* Available records
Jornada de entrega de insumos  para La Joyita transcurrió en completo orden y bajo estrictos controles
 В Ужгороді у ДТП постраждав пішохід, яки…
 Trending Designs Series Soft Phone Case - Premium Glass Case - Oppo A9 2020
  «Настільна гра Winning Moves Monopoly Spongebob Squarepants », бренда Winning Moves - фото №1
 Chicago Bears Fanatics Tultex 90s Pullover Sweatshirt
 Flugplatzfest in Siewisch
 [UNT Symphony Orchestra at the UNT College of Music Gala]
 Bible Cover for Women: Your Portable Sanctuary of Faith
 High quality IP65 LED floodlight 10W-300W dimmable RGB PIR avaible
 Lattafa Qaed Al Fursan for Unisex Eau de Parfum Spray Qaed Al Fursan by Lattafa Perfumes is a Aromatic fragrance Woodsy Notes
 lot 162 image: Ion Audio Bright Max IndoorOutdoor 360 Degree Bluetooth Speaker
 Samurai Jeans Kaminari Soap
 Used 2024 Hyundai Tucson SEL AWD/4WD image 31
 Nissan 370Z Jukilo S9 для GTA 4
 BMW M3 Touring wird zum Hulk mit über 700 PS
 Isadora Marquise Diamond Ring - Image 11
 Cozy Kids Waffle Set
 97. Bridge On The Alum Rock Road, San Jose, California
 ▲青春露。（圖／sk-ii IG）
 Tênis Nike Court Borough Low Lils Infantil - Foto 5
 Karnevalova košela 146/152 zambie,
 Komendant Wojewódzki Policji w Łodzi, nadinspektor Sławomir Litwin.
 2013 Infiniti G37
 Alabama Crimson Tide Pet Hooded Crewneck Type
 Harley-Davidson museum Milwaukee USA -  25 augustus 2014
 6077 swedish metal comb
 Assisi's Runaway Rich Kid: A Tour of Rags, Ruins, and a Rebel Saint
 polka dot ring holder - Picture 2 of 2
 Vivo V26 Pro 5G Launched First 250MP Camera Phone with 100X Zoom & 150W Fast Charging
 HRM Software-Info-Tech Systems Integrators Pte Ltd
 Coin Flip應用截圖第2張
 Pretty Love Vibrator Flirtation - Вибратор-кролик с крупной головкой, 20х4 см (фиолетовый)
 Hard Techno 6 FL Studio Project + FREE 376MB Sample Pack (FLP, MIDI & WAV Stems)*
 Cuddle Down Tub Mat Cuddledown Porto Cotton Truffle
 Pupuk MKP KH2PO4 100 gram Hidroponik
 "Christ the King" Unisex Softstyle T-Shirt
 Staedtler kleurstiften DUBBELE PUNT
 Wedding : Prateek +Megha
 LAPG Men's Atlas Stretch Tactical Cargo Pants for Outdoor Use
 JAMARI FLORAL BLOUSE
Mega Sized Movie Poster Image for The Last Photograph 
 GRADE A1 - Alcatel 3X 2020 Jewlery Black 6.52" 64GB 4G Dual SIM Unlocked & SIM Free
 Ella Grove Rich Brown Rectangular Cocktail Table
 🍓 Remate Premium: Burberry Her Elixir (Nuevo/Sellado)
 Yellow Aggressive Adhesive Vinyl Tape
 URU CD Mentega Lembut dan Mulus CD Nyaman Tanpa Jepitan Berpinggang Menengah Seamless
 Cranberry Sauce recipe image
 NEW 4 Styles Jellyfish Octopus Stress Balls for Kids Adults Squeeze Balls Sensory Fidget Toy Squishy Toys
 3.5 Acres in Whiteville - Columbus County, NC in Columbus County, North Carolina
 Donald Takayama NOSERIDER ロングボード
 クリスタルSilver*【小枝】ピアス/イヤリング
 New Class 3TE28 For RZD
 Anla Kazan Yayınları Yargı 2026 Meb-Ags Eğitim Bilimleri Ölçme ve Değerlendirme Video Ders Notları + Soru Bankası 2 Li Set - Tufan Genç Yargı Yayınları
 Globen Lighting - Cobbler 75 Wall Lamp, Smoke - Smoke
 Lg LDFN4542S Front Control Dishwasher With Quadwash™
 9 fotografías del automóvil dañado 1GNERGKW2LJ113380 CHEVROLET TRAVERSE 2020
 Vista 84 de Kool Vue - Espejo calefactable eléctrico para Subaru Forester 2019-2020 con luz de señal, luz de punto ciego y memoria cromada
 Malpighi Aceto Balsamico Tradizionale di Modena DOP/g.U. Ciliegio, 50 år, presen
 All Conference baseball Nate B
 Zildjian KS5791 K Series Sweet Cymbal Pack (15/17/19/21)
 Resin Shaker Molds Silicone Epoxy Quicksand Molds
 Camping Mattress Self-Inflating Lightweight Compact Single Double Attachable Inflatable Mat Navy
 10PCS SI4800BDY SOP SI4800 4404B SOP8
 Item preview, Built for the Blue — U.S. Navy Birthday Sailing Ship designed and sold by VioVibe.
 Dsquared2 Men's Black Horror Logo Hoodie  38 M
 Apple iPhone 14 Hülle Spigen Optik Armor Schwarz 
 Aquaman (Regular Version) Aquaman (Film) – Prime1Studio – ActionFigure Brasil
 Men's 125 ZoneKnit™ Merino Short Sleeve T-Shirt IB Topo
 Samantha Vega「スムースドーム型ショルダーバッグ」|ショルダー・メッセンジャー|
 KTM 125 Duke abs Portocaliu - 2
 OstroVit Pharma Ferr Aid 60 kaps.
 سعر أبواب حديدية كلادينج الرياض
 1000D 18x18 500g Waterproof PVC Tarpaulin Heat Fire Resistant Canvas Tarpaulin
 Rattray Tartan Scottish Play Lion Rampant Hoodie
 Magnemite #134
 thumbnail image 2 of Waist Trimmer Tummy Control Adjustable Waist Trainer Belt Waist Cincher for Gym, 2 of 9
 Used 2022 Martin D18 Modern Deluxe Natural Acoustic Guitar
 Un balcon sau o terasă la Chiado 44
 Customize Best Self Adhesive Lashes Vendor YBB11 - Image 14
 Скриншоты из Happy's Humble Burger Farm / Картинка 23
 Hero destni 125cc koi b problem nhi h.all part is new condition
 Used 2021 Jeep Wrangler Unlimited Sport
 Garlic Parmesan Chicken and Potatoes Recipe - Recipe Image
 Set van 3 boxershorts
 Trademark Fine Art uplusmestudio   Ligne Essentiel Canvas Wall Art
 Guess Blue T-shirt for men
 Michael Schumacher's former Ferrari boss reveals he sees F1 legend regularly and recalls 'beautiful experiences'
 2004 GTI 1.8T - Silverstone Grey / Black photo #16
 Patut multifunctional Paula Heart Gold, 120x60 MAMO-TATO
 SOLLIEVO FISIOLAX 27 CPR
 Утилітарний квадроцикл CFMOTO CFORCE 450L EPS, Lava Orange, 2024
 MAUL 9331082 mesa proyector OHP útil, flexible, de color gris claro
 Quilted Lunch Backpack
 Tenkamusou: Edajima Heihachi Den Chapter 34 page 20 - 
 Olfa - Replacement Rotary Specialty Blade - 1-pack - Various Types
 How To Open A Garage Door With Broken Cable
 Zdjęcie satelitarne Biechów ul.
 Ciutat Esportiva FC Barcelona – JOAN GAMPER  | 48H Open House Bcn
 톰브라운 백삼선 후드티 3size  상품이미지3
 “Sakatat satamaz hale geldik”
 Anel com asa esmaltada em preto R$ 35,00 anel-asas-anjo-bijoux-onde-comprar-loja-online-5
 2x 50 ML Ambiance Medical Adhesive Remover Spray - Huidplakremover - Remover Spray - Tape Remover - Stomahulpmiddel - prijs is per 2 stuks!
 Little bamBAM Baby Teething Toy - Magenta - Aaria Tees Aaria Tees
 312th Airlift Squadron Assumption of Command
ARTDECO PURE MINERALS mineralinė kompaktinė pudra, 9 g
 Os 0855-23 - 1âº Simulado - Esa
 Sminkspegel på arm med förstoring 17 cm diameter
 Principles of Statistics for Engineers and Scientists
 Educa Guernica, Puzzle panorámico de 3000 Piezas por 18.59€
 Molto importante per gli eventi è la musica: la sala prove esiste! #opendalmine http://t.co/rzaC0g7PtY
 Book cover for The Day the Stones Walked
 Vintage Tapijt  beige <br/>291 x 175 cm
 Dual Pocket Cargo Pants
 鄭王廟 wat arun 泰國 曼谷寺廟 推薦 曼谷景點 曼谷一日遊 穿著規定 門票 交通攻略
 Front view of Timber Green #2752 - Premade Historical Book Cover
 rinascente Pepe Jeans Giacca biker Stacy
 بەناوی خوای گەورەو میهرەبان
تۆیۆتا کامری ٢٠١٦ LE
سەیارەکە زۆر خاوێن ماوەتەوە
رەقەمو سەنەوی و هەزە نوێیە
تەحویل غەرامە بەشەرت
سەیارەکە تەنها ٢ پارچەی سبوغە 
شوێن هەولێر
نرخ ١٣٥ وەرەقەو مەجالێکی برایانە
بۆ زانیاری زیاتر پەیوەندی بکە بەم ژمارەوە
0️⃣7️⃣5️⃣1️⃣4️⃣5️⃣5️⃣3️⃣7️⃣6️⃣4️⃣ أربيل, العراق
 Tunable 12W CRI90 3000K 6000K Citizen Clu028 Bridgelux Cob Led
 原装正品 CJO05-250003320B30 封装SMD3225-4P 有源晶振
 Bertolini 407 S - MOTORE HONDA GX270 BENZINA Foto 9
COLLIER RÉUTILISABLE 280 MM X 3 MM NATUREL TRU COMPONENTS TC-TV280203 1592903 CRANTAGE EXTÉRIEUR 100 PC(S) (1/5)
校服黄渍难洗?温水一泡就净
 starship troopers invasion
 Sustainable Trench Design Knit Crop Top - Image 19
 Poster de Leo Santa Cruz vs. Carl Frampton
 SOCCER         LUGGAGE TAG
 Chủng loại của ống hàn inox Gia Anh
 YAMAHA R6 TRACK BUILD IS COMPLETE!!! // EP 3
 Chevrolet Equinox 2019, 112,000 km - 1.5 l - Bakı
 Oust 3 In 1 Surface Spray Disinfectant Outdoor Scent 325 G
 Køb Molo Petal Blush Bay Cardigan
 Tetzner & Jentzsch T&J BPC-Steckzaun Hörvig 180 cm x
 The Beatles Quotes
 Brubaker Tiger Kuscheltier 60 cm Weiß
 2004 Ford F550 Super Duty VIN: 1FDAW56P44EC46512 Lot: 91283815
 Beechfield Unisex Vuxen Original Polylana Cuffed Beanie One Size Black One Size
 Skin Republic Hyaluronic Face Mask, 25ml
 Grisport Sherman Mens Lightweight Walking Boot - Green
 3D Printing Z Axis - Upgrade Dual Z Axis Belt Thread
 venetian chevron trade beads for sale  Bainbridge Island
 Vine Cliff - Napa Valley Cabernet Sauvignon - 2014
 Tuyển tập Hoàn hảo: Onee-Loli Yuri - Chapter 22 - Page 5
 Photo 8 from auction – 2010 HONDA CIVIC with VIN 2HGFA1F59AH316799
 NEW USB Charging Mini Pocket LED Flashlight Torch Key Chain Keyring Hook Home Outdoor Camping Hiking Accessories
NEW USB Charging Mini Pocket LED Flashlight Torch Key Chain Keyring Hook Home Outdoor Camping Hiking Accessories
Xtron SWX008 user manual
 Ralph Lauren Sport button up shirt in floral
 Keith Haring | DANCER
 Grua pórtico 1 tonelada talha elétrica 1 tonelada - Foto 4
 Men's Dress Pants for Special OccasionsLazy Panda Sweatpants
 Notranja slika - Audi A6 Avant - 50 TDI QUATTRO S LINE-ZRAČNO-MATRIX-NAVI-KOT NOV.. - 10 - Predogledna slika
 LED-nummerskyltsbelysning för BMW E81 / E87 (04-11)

* Your assignment
The response must contain every line from the listing above in which the string "Cargo" appears.

* Solution for this problem
 LAPG Men's Atlas Stretch Tactical Cargo Pants for Outdoor Use
 Dual Pocket Cargo Pants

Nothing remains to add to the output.